=== Records shown ===

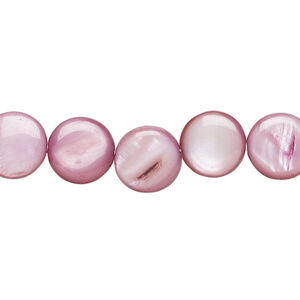 Mother-of-pearl shell 1pkg1, puffed flat round bead 15 inch orchid 9-10mm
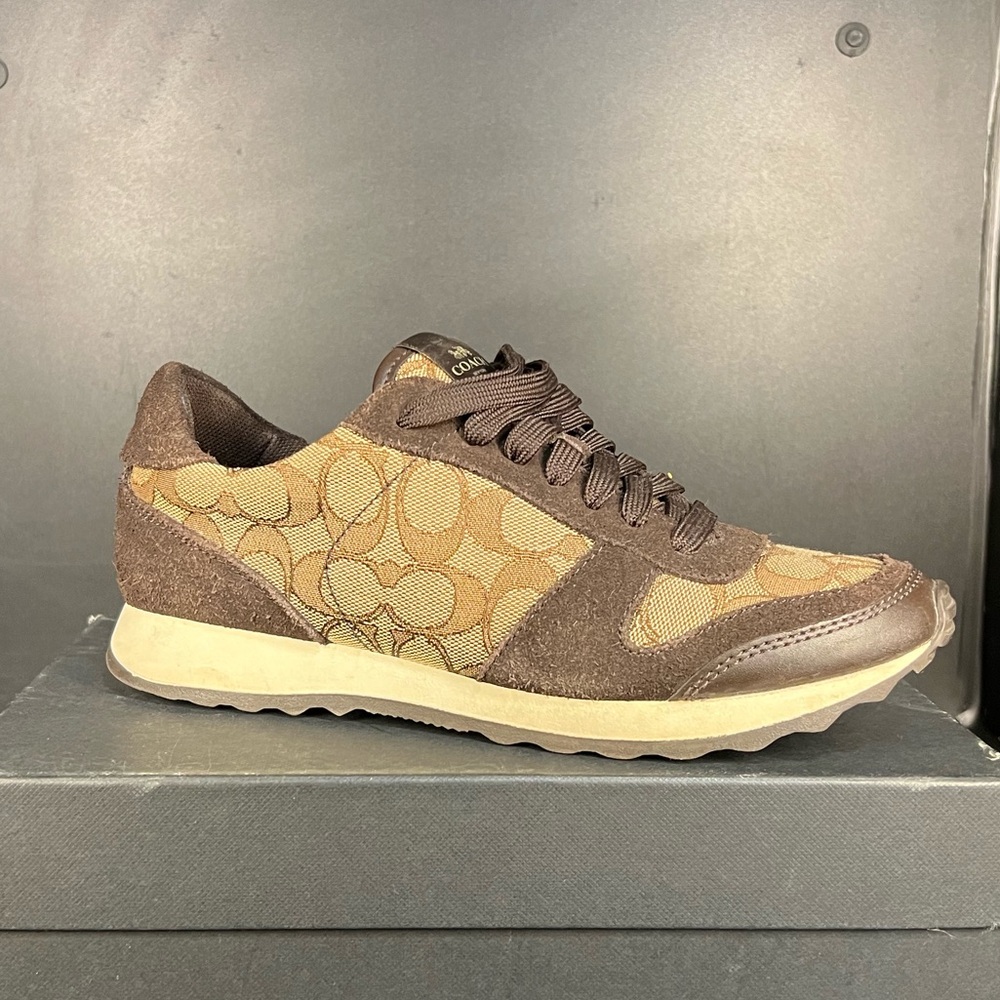 Coach Mason Jacquard Sneakers - Brown Size 8
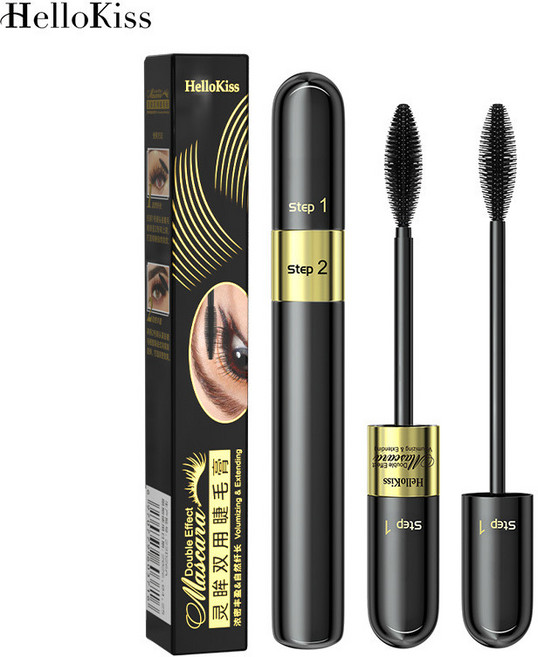 HelloKiss 雙效4D睫毛膏 纖長捲翹 濃密不暈染防水, 1個, 9g【中文包裝】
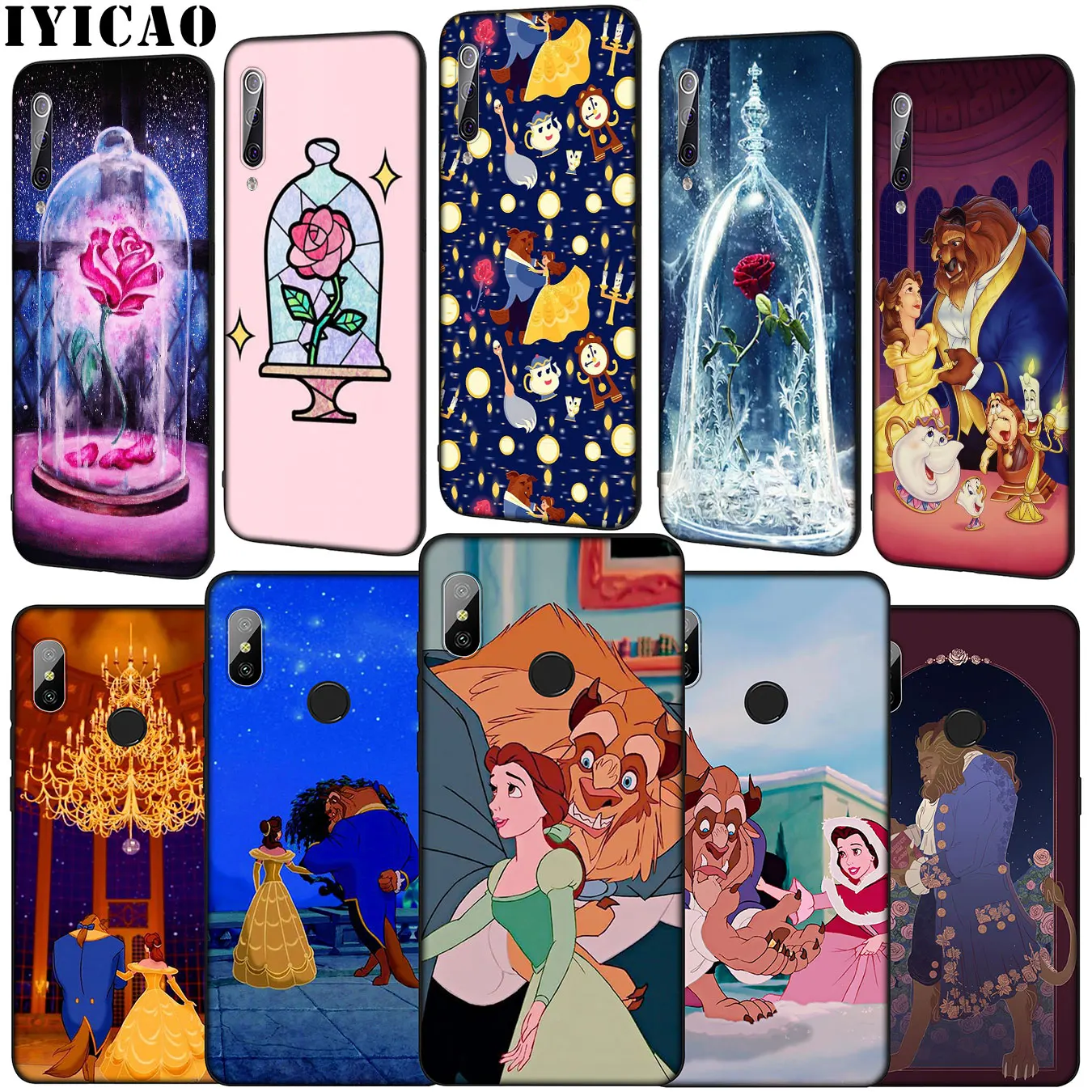 IYICAO Beauty and the beast Cartoon Soft Phone Case for Xiaomi Mi 10 9 9T A3 Pro CC9 CC9E 8 SE A2 Lite A1 6 pocophone f1 Mi9 |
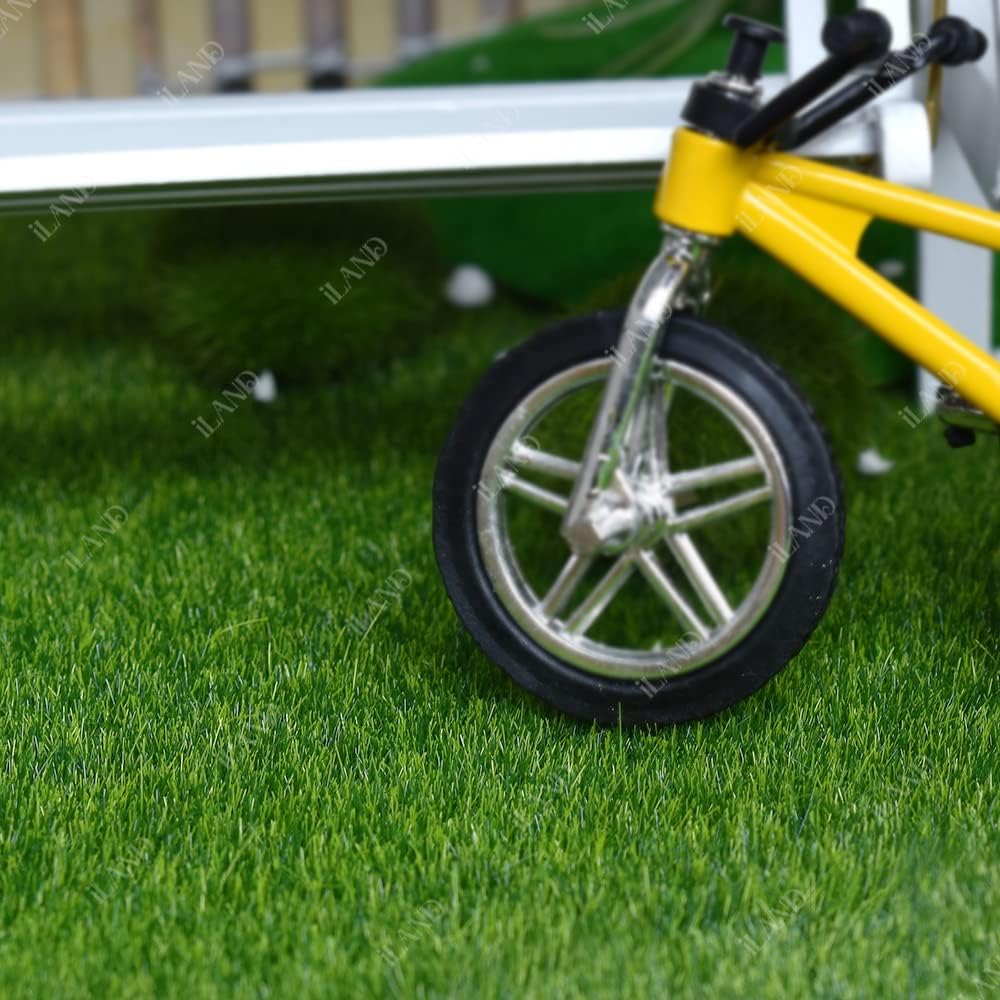 1:12 Scale Miniature Fairy Garden Artificial Grass 4 Sheets 11.8"x 11.8" With 10 Miniature Fences 2 Fence Doors 1 Sign Fake Grass For Crafts Dollhouse Garden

===

All of the entries above should be copied exactly, with the images left out.

 Mother-of-pearl shell 1pkg1, puffed flat round bead 15 inch orchid 9-10mm
 Coach Mason Jacquard Sneakers - Brown Size 8
 HelloKiss 雙效4D睫毛膏 纖長捲翹 濃密不暈染防水, 1個, 9g【中文包裝】
 IYICAO Beauty and the beast Cartoon Soft Phone Case for Xiaomi Mi 10 9 9T A3 Pro CC9 CC9E 8 SE A2 Lite A1 6 pocophone f1 Mi9 |
 1:12 Scale Miniature Fairy Garden Artificial Grass 4 Sheets 11.8"x 11.8" With 10 Miniature Fences 2 Fence Doors 1 Sign Fake Grass For Crafts Dollhouse Garden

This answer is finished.